For a small/new/family-run wine shop like Color de Vino, having an agent host relieves a lot of the burden and work associated with tastings: they don’t have to worry about selecting/researching the wines, not to mention actually speaking about them; instead, their time is freed up to handle logistics like setting up and tearing down all the furniture and stemware, pouring the wine, serving the food, clearing the glasses.
Here are my tasting notes on the evening’s wines:
2013 Fezas Java Le Blanc Bonheur Côtes de Gascogne (France) $16
I bet even your nerdy wine friends (or geeky self) haven’t had a wine from Gascony. Gooseberry, fresh lemon pulp, fresh green herbs: you could easily trick someone into thinking this was a Marlborough Sauvignon Blanc. Lemon candy on the palate, cleansed by high acidity. Pair with goat cheese. Very good bargain at $16, especially with the New Zealand Sauvignons creeping up in price: this is a great alternative.

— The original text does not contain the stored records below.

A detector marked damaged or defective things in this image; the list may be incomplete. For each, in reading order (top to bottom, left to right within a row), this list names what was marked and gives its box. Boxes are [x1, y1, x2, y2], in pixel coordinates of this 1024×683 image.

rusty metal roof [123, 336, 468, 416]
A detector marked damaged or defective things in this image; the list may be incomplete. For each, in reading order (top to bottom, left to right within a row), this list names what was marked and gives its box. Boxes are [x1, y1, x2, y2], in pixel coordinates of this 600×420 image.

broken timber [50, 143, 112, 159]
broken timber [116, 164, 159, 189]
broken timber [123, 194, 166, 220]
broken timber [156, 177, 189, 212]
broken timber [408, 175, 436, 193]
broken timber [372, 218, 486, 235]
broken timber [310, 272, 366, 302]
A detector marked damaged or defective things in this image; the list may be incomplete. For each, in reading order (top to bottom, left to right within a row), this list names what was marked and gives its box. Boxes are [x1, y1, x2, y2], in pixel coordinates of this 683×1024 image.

2013 Patz & Hall Chardonnay (Sonoma, California, US) $37
This is my favourite style of Chardonnay: judiciously oaked, with the toastiness balanced by solid acidity. Nose of buttery pastry, tapioca, a touch of baking spice, and toasty French oak that carries through to the palate, which finishes with white pepper spice. Good with fatty cold cuts like prosciutto (speaking from personal experience).
2012 Animus Tinto (Douro, Portugal) $17
Portugal is a rising star in the wine world: they dominated the Wine Spectator’s Top 100 list this year. I’ve long known that Portugal’s dry reds are often one of the best values in the wine world. As much as I appreciate the recognition they’re starting to receive, I’m also afraid this will result in a price hike over the next few years.
The Animus shows upfront red fruit on the nose with a touch of earthy lake weed. (This sounds gross but it’s not, and I’m certain it’s just my own weird olfactory/limbic connection – no one else is gonna smell this, so don’t be afraid that this wine reeks of swamp or anything like that.) The palate has red fruit that gives way to bone dry, slate-y mineral, which might be surprising after smelling a nose so reminiscent of ruby port. (This wine is made from the same blend of grapes as port: Tinta Roriz/Tempranillo, Touriga Nacional and Touriga Franca.) A touch rustic, but still very approachable and crowd-pleasing.
The winemakers behind this bottle have a great story: they are 17th generation (!) winemakers – the longest unbroken winemaking family on the planet, previously responsible for the renowned Quinta do Noval vintage port.
2010 Allegrini Amarone della Valpolicella (Veneto, Italy) $95
Prepare to be totally ruined: yes, this wine is expensive and yes, it’s worth it. Actually, that just-under-$100 price tag is completely reasonable for an Amarone of this calibre. The nose is classic: dried fig, dates and prunes, with red licorice and forest flowers. (I’m not sure exactly what that means either: it just reminded me of smelling the aged floral quality of a mixed wood forest in late summer. Make of that what you will.) The seemingly sweet fruits on the nose are belied by a bracingly dry palate with red licorce fruit, drying white pepper and tobacco/cigar box. With a chiseled yet elegant structure and high tannin, this could easily age for decades. You’ll drink it before then, though.
Quinta do Infantado Ruby Port (Douro, Portugal) $23
This is a basic but solid ruby port: nothing special but fairly well-structured; a touch cloying. The winemakers use very natural processes (no filtering) and fortify their ports with a slow inoculation of grape spirit as opposed to the usual big bang all at once.
Barão de Vilar 20 Year Old Tawny Port (Douro, Portugal) $76
Taste this tawny and never drink Fladgate again: beautiful golden tawny hue with a nose of rum raisin cake, cigar box, nutty baklava; tingly caramel butterscotch on the palate with surprisingly high acid, making it warmingly oxidative yet bright. Super long finish. Fuck yeah.